2. Die Ehehalten. Die Bauernfeiertage.

Einen bedeutenden Teil der ländlichen Hausbewohnerschaft bilden die "Ehehalten". Zwar nicht immer. Wie könnte der arme Kleinbauer, dessen wenige Grundstücke kaum die nötige Nahrung für die eigene Familie abwerfen, Kost und Lohn für Fremde erschwingen? Ihm trägt es zum allerhöchsten eine Dirn, die dann als "Mädchen für alles" in der Arbeit auch nicht wählerisch sein darf, während ein stolzer Großbauer und seine Ehefrau einen ganzen Hofstaat mit entsprechender Verteilung der Dienstleistungen um sich versammeln.
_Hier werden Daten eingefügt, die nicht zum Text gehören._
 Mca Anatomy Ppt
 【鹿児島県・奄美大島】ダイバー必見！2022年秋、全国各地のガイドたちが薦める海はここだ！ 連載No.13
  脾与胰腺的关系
Zwischen diesen beiden äußersten Grenzen bäuerlicher Wirtschaft liegen natürlich viele Abstufungen, nach denen sich die Anzahl der Dienstboten richtet. Häufig versehen die sogenannten "Weichenden", das sind Geschwister des Bauers oder der Bäuerin, das Amt von Knechten und Dirnen, die, besonders wenn sie einen Grundanteil oder ein Stück Vieh besitzen, oder ihr Vermögen auf dem Hause liegen haben, eine gewisse Mittelstellung zwischen Angehörigen und Ehehalten einnehmen. Wir wollen uns zuerst das Dienstpersonal eines Großbauern anschauen, bei welchem die Pflichten und Rechte sowohl der Untergebenen gegen den Hausherrn und umgekehrt, als auch die der Bediensteten untereinander am ausgeprägtesten zur Geltung kommen.
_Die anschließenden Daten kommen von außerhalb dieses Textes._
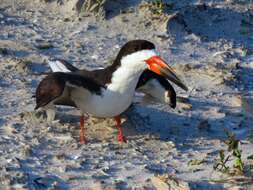 Image de Rynchops niger niger Linnaeus 1758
Sitte und jeweiliges Übereinkommen haben da strenge Grenzen gezogen und jedem sein Maß an Arbeit und Ansehen im Hause zugemessen. Wie genau man die Sache nimmt, kann jeder Besucher einer Bauernstube bemerken, wenn er zufällig eben recht zum Mittag- oder Abendessen kommt. Nicht nur Bauer und Bäuerin, sondern auch Knechte und Diren haben ihre nach der Rangfolge bestimmten Plätze am großen Eßtisch. Der Bauer, beziehungsweise der Großknecht, langt zuerst in die Schüssel; ihm folgen der Reihe nach die andern, später erst darf jeder zugreifen, wie er Lust hat. Bei dieser Gelegenheit sehen wir zugleich sämtliche Dienstboten versammelt.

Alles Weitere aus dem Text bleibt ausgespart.